Brief descriptive captions:
——
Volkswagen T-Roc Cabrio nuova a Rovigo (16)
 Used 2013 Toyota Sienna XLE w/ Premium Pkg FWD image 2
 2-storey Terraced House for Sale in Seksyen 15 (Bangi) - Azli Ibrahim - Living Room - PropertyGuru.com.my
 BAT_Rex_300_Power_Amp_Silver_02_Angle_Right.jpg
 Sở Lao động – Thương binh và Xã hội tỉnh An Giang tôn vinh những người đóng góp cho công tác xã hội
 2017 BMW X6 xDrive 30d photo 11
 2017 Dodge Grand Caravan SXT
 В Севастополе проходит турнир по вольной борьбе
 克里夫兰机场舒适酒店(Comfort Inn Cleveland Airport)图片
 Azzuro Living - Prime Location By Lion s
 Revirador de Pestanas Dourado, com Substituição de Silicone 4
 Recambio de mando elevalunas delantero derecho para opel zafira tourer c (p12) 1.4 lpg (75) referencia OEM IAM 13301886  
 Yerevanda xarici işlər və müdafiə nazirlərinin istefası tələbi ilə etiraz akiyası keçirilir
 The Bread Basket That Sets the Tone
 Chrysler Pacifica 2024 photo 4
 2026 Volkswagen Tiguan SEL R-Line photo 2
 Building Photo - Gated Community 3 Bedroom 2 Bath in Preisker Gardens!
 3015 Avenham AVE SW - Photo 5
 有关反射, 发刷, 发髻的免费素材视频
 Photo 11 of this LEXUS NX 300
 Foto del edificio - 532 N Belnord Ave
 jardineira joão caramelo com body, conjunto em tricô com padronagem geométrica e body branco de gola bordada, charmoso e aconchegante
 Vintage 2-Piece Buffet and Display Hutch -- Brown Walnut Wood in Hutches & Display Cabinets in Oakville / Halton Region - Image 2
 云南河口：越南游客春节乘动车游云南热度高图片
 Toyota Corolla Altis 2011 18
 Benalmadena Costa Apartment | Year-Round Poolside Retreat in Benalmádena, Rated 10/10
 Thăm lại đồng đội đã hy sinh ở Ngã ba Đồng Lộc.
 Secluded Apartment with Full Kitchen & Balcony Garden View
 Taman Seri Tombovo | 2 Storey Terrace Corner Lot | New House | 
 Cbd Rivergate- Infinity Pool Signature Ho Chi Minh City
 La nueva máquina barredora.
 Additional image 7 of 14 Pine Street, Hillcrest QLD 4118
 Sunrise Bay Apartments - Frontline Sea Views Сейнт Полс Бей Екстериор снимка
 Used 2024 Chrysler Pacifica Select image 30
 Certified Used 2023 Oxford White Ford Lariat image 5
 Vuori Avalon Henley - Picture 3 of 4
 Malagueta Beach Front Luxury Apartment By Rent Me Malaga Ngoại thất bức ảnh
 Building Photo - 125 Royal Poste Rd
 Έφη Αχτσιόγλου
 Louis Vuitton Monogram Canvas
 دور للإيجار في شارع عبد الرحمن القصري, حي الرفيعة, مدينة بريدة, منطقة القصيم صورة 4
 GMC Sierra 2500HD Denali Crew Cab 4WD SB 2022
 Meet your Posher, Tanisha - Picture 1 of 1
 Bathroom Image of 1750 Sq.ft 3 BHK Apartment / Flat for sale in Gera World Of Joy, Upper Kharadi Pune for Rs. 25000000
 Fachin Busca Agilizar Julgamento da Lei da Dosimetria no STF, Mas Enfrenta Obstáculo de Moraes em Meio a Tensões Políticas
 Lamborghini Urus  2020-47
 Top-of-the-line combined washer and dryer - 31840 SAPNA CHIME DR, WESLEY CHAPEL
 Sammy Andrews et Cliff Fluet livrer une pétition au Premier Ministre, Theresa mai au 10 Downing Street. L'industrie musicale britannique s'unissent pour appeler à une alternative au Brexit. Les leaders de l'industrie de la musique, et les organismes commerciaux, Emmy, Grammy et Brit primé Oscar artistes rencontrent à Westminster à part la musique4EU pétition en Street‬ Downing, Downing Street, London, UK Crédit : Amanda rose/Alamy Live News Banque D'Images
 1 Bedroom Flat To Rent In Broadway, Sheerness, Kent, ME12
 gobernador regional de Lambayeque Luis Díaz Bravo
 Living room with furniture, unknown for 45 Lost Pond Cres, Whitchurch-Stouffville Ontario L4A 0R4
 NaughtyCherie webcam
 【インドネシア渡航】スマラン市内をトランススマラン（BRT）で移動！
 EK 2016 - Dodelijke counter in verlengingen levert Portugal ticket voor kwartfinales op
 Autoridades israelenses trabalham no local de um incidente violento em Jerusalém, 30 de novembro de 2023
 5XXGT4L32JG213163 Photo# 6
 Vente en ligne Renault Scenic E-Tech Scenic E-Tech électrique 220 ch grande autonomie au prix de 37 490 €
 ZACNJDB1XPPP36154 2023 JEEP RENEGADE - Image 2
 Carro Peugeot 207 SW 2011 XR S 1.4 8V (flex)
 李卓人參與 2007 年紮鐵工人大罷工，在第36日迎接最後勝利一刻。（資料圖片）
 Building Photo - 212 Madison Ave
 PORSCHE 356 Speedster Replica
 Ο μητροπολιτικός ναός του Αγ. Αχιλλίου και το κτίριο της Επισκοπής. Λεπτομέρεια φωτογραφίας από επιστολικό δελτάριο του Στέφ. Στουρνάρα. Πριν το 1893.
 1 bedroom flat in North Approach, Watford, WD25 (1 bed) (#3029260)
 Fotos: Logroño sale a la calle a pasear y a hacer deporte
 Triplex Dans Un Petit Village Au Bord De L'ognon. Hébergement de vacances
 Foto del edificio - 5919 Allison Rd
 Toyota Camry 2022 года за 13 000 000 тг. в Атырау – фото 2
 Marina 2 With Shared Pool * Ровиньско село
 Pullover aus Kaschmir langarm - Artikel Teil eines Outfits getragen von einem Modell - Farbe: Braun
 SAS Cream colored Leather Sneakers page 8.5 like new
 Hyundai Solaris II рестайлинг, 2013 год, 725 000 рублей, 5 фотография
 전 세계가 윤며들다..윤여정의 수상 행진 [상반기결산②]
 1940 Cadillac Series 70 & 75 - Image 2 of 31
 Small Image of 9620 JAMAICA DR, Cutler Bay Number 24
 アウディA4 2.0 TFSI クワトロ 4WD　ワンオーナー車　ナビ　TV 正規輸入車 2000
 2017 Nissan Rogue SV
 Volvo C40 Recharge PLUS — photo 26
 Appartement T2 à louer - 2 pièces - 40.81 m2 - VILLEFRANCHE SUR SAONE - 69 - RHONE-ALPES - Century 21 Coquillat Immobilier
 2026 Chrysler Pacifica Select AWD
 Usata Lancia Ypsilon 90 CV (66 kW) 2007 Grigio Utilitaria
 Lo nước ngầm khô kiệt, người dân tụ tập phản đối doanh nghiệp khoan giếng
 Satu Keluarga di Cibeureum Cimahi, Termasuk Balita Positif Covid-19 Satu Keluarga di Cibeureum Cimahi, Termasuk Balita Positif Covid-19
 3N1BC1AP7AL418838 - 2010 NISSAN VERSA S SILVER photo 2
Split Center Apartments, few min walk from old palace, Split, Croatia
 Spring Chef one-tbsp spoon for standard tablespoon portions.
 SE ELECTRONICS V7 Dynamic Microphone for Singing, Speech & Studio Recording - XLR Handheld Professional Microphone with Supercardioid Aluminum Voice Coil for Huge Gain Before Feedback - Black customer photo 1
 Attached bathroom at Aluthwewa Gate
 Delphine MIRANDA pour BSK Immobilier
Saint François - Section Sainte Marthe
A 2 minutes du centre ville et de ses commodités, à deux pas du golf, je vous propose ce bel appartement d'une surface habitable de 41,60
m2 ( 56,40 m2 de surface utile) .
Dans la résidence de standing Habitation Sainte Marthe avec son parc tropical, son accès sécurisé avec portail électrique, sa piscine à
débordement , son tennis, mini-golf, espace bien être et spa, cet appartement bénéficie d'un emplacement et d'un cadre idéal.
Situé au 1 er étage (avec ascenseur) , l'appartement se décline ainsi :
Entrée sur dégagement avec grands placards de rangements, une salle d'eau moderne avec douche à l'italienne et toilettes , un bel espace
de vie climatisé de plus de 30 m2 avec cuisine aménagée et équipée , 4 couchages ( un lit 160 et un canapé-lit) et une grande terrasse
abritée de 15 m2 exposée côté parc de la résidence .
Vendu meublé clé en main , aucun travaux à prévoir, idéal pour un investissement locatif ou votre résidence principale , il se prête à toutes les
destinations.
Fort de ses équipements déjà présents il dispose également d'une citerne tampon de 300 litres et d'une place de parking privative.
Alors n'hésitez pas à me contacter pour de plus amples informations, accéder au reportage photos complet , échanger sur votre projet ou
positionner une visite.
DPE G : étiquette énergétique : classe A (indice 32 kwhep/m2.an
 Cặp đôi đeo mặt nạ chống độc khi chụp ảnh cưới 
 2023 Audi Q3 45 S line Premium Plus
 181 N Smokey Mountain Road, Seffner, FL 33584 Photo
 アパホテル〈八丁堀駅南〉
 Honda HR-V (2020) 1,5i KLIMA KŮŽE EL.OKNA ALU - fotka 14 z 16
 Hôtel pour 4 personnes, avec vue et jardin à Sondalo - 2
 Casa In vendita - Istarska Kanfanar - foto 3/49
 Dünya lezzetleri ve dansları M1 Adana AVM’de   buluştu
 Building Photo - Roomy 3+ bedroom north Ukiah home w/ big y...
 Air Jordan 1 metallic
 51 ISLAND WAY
——
• **Try it**
Every line from the one containing "Cặp đôi đeo" to the close of the records must be reproduced exactly. Include both ends and nothing more.

• **Response to this task**
 Cặp đôi đeo mặt nạ chống độc khi chụp ảnh cưới 
 2023 Audi Q3 45 S line Premium Plus
 181 N Smokey Mountain Road, Seffner, FL 33584 Photo
 アパホテル〈八丁堀駅南〉
 Honda HR-V (2020) 1,5i KLIMA KŮŽE EL.OKNA ALU - fotka 14 z 16
 Hôtel pour 4 personnes, avec vue et jardin à Sondalo - 2
 Casa In vendita - Istarska Kanfanar - foto 3/49
 Dünya lezzetleri ve dansları M1 Adana AVM’de   buluştu
 Building Photo - Roomy 3+ bedroom north Ukiah home w/ big y...
 Air Jordan 1 metallic
 51 ISLAND WAY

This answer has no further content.